1/2 head purple cabbage, thinly sliced

Coarse salt and freshly ground black pepper, to taste

2 tablespoons balsamic vinegar

1 tablespoon dark brown sugar

1/2 cup crumbled soft goat cheese

1. Toast walnuts in a nonstick skillet about 5 minutes, stirring often, until slightly browned and fragrant. Set aside.

2. Heat oil in a large nonstick sauté pan over medium-high heat. Add cabbage and season with salt and pepper. Stir in vinegar and brown sugar; sauté about 5 minutes, or until just crisp-tender.

3. Remove from heat and toss with goat cheese and walnuts. Serve warm.

Purple Cabbage and Goat Cheese Saute

The only specialty item for Chef Tony Adams’ demo on DIY ricotta was a pot big enough for two gallons of milk, the only ingredient besides salt and a 1/2 cup of vinegar.  Chef Tony brought the milk up to 185 degrees before taking it off the heat to add the vinegar and salt, stirred til curds formed, and strained through cheesecloth.

Chef Tony Adams of Big Wheel Provisions

The uses for fresh ricotta range from savory to sweet, and Chef Tony treated guests to a simple galette made with the ricotta and some of Big Wheel Provisions‘ fig and elderflower jam.

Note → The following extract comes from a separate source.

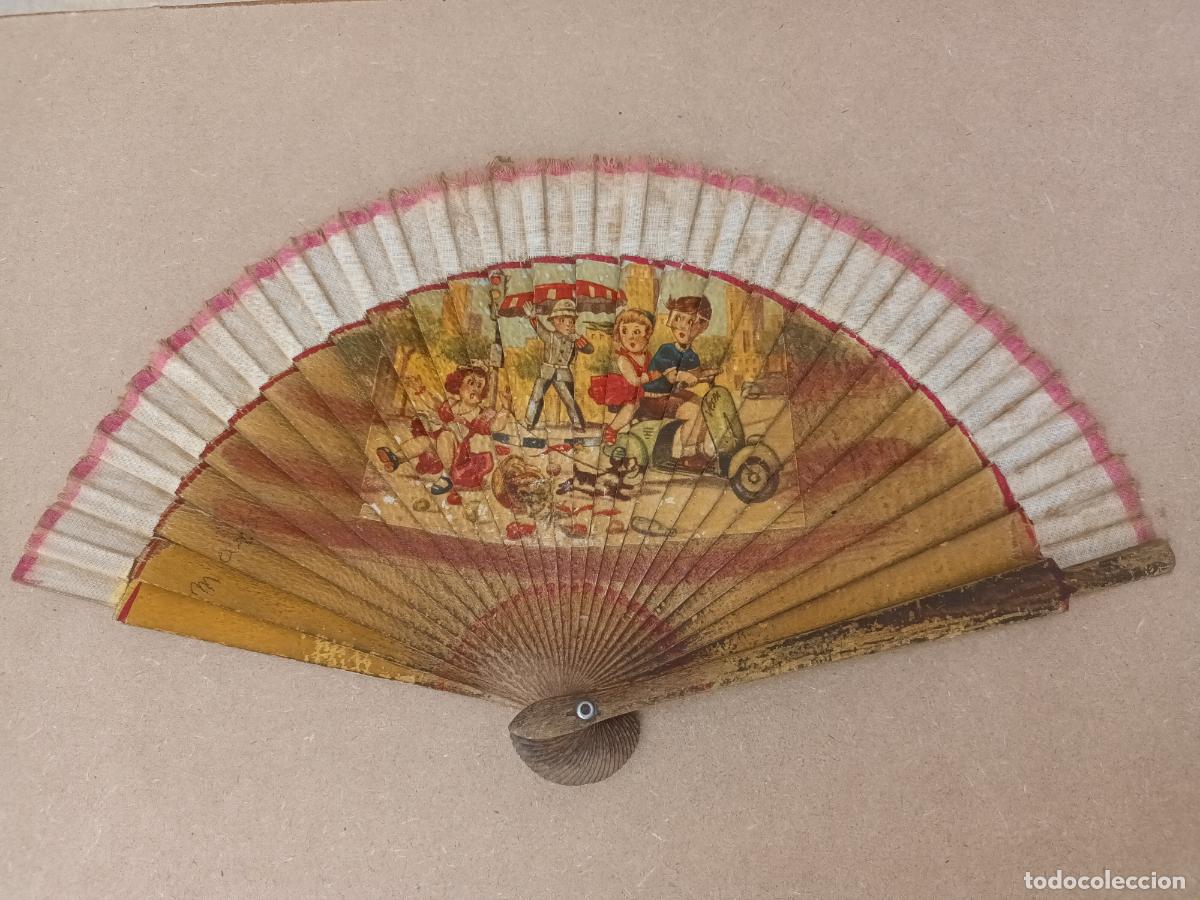 Coches y Motocicletas: ANTIGUO ABANICO MADERA CON IM&Aacute;GENES MOTO VESPA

this rustic dessert needs only one rolled pie crust, simply folded

Elisa Scarpa of Fatto in Casa shared a new idea for bruschetta, the classic Italian hors d’oeuvre that most folks are accustomed to topping with tomatoes.

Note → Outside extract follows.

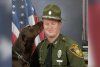 Fotografia oficială a unui ofiţer din SUA, virală din cauza căţelului 433551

Elisa Scarpa of Fatto in Casa

Elisa’s version topped the sliced baguette with high-quality apricot jam (no corn syrup here), a sliver of French brie, and dollop of carmelized onions that were warm enough to melt the cheese slightly.  A key point of her demo was that carmelized onions, cooked for a long time over medium heat, become soft and sweet but do not brown.

sweet and savory carmelized onions

No heat was required to make Chef Olive Mackey’s dish, a cranberry salad featured in the Fall 2011 issue of Edible Orlando.  Chef Olive is a raw-food chef, and the tools of her trade are a powerful Blendtec blender and loads of fresh, Florida produce.

have blender, will travel

photo by Kendra Lott

1 Combine 2 cups fresh cranberries, 1 cup dried, pitted dates, 1 teaspoon cinnamon, 1/4 teaspoon ground ginger, 1/2 teaspoon allspice, 1/8 teaspoon ground cloves and 2 teaspoons coconut butter in a food processor; process until smooth. Transfer cranberry puree to a large bowl.
2 Add orange segments from 2 oranges, 2 cored and chopped apples, 2 cored and chopped pears, 2 ribs chopped celery, 1 cup chopped raisins, and 1 cup chopped walnuts or pecans. Stir gently until completely combined with puree and serve.